Introduction to Apache Kafka

Published in

The Startup

6 min readSep 28, 2020

Large companies contain hundreds of microservices, all needing data to operate. When we talk about technologies that they use, we come across Apache Kafka, which is used to handle trillions of data per day. In this blog, let’s understand what Kafka is and why it is so popular.

Let’s take an example of microservices involved in ride application. When a ride is completed, this information is needed by multiple microservices.

Ride management service manages ride information.
Email notification service sends a ride receipt in the email.
Driver management service manages driver information. It updates the status of the driver so that he can be allocated for the next ride.
Fraud detection service detects any fraudulent activity that had happened in the ride.

In this case, we have many services that need ride-completion data to operate on. If synchronous calls are made to all services then we will end up making this request slower. And also it will introduce coupling between services.

We can make calls asynchronous by using a background job processor like Sidekiq or Go-craft. In this case, we need to add jobs in ride-management-service. Whenever a new service wants ride-completion data, we need to do code changes in ride-management-service to add new jobs.
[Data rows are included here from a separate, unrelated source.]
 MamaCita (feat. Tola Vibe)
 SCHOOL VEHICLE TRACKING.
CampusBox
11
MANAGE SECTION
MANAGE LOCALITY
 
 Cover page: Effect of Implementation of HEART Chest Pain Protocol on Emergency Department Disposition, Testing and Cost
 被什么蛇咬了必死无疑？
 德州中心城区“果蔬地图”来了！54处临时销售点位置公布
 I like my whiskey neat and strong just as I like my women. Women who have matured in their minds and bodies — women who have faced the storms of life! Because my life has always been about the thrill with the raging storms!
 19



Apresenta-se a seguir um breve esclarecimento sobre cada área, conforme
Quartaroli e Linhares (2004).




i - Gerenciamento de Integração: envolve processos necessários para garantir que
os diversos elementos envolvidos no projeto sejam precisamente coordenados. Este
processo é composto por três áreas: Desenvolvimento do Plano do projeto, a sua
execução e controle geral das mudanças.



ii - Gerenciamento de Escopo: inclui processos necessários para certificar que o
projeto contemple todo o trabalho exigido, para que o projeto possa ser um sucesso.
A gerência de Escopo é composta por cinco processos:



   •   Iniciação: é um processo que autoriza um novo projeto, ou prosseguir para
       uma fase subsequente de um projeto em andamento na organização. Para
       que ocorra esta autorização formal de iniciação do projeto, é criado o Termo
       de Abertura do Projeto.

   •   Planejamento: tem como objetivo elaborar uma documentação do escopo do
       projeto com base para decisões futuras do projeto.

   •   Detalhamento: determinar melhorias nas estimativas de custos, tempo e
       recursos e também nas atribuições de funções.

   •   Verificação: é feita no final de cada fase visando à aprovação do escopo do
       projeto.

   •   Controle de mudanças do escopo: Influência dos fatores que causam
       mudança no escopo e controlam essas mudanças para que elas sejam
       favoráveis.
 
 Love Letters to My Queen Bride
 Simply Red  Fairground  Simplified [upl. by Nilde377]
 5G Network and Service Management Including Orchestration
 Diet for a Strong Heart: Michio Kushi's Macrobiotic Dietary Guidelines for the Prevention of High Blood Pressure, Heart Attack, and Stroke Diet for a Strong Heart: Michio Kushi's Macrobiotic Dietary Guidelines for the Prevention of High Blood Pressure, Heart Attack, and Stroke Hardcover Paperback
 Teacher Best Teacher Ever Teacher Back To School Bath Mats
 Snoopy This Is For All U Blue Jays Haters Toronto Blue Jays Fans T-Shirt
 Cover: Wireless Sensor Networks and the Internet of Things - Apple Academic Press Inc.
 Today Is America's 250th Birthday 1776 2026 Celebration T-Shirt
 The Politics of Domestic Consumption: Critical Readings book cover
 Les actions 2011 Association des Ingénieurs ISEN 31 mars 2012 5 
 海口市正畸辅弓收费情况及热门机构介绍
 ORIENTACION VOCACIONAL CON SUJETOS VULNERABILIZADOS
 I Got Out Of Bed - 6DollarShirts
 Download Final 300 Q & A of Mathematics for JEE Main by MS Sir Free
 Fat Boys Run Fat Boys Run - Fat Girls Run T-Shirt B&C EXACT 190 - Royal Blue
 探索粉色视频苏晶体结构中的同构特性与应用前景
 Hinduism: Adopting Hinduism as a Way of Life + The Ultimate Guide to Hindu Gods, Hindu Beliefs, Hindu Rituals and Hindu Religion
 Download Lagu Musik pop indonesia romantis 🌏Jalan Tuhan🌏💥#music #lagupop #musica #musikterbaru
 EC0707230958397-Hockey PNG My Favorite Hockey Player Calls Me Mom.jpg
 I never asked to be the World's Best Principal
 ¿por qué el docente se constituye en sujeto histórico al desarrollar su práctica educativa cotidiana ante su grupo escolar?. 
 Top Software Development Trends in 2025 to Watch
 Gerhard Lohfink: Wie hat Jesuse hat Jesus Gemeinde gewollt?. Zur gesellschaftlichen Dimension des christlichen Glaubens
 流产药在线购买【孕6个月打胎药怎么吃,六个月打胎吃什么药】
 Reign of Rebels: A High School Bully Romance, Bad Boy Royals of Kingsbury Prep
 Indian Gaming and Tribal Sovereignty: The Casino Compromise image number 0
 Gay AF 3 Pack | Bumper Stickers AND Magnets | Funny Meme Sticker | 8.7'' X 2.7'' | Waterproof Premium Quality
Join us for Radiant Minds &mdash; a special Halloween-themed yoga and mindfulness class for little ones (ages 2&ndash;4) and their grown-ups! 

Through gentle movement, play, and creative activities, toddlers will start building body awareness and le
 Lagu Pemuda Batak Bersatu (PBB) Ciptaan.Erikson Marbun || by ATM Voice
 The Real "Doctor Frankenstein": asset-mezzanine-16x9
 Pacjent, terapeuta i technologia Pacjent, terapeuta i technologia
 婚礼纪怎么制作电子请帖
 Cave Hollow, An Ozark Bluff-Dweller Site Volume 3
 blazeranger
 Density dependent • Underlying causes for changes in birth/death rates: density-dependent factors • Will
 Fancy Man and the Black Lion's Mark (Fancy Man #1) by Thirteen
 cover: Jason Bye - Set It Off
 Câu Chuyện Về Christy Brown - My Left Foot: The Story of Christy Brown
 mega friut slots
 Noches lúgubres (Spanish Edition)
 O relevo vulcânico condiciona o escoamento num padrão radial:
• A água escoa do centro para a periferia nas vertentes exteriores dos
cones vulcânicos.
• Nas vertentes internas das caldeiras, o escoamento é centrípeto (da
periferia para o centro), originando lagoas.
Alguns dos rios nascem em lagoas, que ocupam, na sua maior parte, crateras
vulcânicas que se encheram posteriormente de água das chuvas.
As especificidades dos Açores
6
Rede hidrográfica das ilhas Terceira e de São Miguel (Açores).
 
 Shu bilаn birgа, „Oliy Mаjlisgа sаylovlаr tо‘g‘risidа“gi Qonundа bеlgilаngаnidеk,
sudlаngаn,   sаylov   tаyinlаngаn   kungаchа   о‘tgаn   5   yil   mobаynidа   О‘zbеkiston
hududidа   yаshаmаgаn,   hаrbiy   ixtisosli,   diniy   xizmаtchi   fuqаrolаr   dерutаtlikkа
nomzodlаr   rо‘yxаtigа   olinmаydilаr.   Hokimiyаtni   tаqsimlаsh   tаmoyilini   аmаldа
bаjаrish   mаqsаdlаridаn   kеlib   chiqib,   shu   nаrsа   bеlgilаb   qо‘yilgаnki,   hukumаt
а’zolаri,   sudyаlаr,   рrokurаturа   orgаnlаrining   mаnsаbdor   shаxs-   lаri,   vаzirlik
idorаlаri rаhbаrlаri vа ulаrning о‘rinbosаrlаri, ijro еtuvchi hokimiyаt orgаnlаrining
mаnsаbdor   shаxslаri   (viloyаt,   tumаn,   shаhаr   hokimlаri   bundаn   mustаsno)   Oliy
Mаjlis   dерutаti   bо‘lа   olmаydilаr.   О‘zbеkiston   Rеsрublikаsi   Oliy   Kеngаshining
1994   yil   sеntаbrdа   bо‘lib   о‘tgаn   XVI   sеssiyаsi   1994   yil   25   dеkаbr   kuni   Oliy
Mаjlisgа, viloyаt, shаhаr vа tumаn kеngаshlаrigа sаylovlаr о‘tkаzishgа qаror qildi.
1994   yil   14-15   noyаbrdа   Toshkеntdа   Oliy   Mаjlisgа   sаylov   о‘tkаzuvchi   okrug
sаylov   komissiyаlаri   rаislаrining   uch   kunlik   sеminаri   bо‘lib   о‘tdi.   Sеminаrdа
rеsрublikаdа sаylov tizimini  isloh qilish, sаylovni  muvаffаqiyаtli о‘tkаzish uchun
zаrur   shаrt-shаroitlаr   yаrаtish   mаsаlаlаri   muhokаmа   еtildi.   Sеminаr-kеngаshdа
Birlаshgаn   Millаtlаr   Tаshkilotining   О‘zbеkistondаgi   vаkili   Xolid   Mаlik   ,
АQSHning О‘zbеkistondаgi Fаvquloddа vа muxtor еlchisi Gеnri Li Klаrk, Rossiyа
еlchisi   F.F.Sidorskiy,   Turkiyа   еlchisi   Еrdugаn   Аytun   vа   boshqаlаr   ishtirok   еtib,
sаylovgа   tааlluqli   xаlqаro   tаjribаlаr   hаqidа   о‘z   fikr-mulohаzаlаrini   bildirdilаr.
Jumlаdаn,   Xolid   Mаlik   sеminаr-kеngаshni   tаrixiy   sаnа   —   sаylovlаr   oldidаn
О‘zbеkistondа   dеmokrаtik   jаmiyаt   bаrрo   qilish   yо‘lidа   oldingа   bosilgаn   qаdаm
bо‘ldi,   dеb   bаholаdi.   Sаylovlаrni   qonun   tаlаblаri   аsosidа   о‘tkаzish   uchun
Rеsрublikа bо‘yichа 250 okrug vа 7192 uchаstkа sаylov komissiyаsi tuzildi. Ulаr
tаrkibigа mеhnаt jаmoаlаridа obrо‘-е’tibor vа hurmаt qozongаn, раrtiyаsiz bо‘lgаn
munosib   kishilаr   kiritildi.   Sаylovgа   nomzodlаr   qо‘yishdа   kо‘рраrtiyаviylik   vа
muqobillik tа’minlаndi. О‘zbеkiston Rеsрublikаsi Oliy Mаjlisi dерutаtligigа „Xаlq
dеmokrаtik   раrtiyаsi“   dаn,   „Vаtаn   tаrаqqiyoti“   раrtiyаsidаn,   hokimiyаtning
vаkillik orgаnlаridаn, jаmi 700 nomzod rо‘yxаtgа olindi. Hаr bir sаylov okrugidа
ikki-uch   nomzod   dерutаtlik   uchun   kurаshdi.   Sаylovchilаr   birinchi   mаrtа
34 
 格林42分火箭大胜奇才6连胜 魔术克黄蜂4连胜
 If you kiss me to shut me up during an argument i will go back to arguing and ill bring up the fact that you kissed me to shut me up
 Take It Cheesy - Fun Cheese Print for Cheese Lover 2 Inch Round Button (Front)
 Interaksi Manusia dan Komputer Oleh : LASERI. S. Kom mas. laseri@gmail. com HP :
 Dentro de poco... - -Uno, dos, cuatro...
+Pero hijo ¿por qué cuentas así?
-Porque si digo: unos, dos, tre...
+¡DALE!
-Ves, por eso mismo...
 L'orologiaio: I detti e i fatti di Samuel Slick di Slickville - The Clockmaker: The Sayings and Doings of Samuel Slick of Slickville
This won’t solve the above problem of coupling between services.

The next approach is to use some queue like RabbitMQ. In this case, only one consumer can consume the data from the queue. In the above scenario, we have many consumers who need ride-completion data. So simple queue won’t solve our problem.

How nice would it be if we have a publisher-subscriber system here?

Whenever an event happens, the publisher publishes messages to the messaging system. Any microservice that needs this information can subscribe to it. This type of architecture is called event-driven architecture. It provides multiple benefits:

Loosely coupled microservices
Asynchronous communication
Easily scalable since services are decoupled.

Ride management microservices with Kafka

Apache Kafka is one such publisher-subscriber messaging system. We can have multiple consumers who can read the same events. The data sent to Kafka is persisted to some duration defined by the retention policy.

In Kafka, publishers are called producers. And subscribers are called consumers. In the above example, when a ride gets completed, producers can publish this event to Kafka, and all other services which require this event can subscribe to it. But where and how does Kafka store these events?

Kafka Topic

In Kafka, the specific location where messages are stored is called Topic. If we have to compare it with the SQL database then the topic is like a table and the message is like a row of data. But in Kafka, Message is an immutable record which means that once they are received into a topic they can not be changed. Each message that is sent is appended to a time-ordered sequence. This style of maintaining data as events is an architectural style known as event sourcing.

There are several advantages that event sourcing provides us with.

Debugging is easier because we have a complete log of every change that is made.
Reads and writes can be scaled independently.

Fig: Consumers reading from topic at their own pace

Each of these messages in the topic has a message offset value. It’s just a placeholder given to each message like the page number in the book. Each consumer of the topic reads messages at its own pace. As we keep a bookmark for the last page we read in the book, consumers keep track of the last message it has read.

The time for which Kafka can retain the messages in the topic is configurable called retention policy. And this value can be specified when we create a topic. If we do not specify a value for it then it picks the default value which is 7 days.

Kafka Broker

The place where topics are kept and maintained are called Brokers/ Kafka servers. Kafka broker receives messages from producers and stores them on disk. When a consumer wants to read from a topic then it must establish a connection with a broker. Upon the connection, consumers can read from the beginning of the topic or from the time connection is made.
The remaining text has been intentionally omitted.